2 – Le texte de Guillaume
– Guillaume pousse donc beaucoup plus loin que Samy l’interrogation critique sur une série d’évidences de la tradition LCR (le thème de « la grève générale », la caractérisation de « la crise révolutionnaire », et se situe, partant, davantage dans le projet NPA.
– Je me reconnais assez dans l’usage que Guillaume fait de la notion de « guérilla sociale » et de son insistance sur la complémentarité avec celle de « grève générale » (mais dé-fétichisée).

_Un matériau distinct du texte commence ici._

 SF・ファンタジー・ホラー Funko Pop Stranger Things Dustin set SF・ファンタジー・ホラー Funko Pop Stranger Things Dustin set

– p.5 : La question de la variation des définitions du « prolétariat » en notre sein demande à être clarifiée, comme le pointe justement Guillaume. Par exemple, la position 2 tend à (re)donner une tonalité étroitement ouvriériste. Mais une définition large (le salariat) ne permet pas telle quelle de bien penser, non plus, les différenciations, les tensions et les oppositions (la question bourdieusienne du capital culturel-capital scolaire est par exemple importante, de ce point de vue). Le clivage « classes populaires/classes moyennes salariés », que même les tenants de la définition large du « prolétariat » peuvent avoir en tête à un moment ou un autre, pointe de vrais problèmes, mais dans une dichotomie peut-être erronée de « classes » distinctes (la délimitation de « classes » a une composante nécessairement arbitraire faisant intervenir la politique).
– p.6 : OK avec le refus sur « un projet révolutionnaire traditionnel », tout en tenant compte des blocages actuels sur la question des alliances électorales : cela suppose d’ouvrir dès maintenant un chantier de pratiques politiques alternatives (dont la perspective d’expériences municipales, mises en avant par Guillaume depuis plusieurs années, participe, mais là se pose la possibilité envisagée par Samy - p.17 - de quelques accords locaux ciblées avec le PS, contrevenant à la logique nationale des accords ?).
– pp.6-8 et 8-10 : Je suis favorable aussi à reprendre la question du « projet d’émancipation », qui constitue un niveau symbolique qui a aussi des effets sur les résistances et sur les luttes. D’accord pour ne pas se contenter du « keynésianisme d’extrême-gauche » implicite aujourd’hui, ni même d’un « toilettage des acquis, indispensables, des XIXe et du XXe siècle ». Pour ma part, comme je l’ai dit plus haut, je vais même plus loin que le « socialisme du XXI° siècle », dans la perspective d’une nouvelle politique d’émancipation. Quelques pistes à partir de là :
. Dans la conjoncture, je donne la priorité à la dimension « méthodologique », à la reformulation des « logiciels », tant du côté de la critique sociale que de l’émancipation, concernant les modes de formulation des problèmes (voir le B.a.-ba philosophique de la politique), sur le contenu du projet même.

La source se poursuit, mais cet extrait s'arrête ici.